Quels sont les supports d’investissement pour un produit structuré ?

Les produits structurés peuvent être logés au sein de différents supports d’investissement, ce qui offre une certaine souplesse dans leur utilisation. On les retrouve le plus souvent dans un compte-titres, un contrat d’assurance-vie, un contrat de capitalisation, un PEA ou encore un PER.

Le choix du support est particulièrement important, car il détermine le cadre fiscal applicable à l’investissement. En effet, les produits structurés bénéficient de la fiscalité propre à l’enveloppe dans laquelle ils sont détenus.

Par exemple, dans un compte-titres, les gains sont généralement soumis à la fiscalité des plus-values mobilières, souvent appelée « flat tax ». En assurance-vie, la fiscalité devient plus avantageuse après huit ans de détention, avec des abattements et une imposition réduite. Le PEA (plan épargne action) quant à lui, permet une exonération d’impôt sur les gains après cinq ans (hors prélèvements sociaux), sous certaines conditions. Enfin, le PER (plan d’épargne retraite) offre un dispositif orienté vers la préparation de la retraite, avec des avantages fiscaux à l’entrée et à la sortie.

Ainsi, le choix du support d’investissement ne doit pas être négligé, car il influence directement la rentabilité nette du produit structuré. Il doit être cohérent avec les objectifs patrimoniaux, l’horizon de placement et la situation fiscale de l’investisseur.

Faire le choix d’un produit structuré : comment cela se passe ?

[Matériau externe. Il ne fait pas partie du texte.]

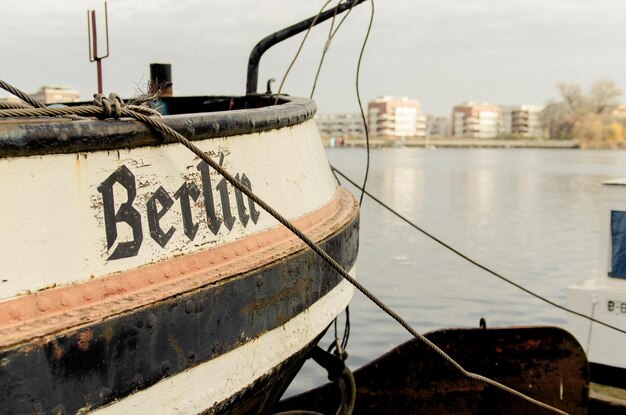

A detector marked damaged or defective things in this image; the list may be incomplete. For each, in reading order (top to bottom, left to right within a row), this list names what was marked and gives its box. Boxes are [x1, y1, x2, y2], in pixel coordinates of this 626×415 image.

rusted brown metal object [276, 326, 588, 414]
rusty metal on hull [276, 326, 588, 414]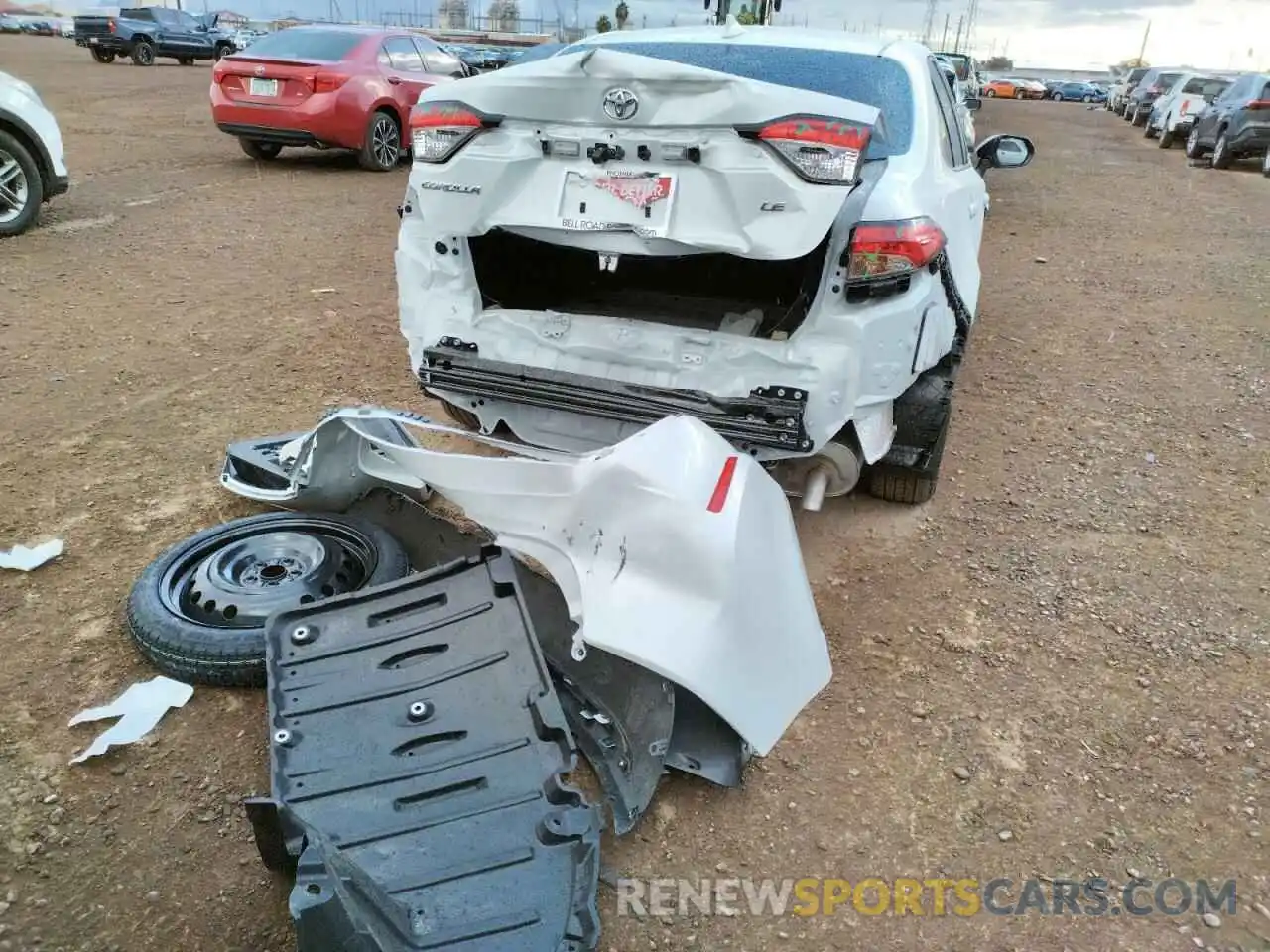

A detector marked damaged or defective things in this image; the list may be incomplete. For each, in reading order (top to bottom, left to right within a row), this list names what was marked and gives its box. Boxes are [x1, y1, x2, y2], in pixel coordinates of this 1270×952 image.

Le choix d’un produit structuré repose sur une analyse approfondie du profil de l’investisseur et de ses objectifs patrimoniaux. Dans la pratique, ce processus est souvent accompagné par un banquier ou un professionnel de la gestion de patrimoine, comme le cabinet Kofman Patrimoine, notamment dans le cadre de contrats d’assurance-vie ou de capitalisation.

Le rôle du conseiller est d’identifier les solutions les plus adaptées parmi les nombreux produits structurés disponibles sur le marché. Il sélectionne les supports en fonction de plusieurs critères : le niveau de risque acceptable, l’horizon d’investissement, les objectifs de rendement et la situation globale de l’investisseur.

On distingue généralement différents types d’investisseurs (prudent, équilibré ou dynamique) chacun correspondant à une tolérance au risque spécifique. Le professionnel s’assure que le produit choisi est cohérent avec ce profil, notamment en analysant la nature du sous-jacent, sa volatilité et les mécanismes de protection du capital.

Par ailleurs, le conseiller maîtrise les caractéristiques techniques du produit, notamment celles décrites dans le Document d’Informations Clés (DIC). Il est ainsi en mesure d’expliquer clairement les conditions de fonctionnement, les scénarios de performance, ainsi que les risques associés.

Contacter un professionnel permet donc de d’avoir un conseil adapté et sécurisé selon le choix du produit structuré, en s’assurant qu’il est bien aligné avec les attentes, les contraintes et la stratégie patrimoniale du client.

Les points clés des produits structurés

Les produits structurés offrent un compromis entre performance et maîtrise du risque, avec des scénarios définis à l’avance et différents niveaux de protection du capital.

Cependant, ils restent des placements complexes, avec des risques (perte en capital, rendement limité ou nul) et une durée d’investissement souvent longue.

Ils doivent donc être choisis avec attention, en fonction du type d’investisseur et idéalement avec l’accompagnement d’un professionnel.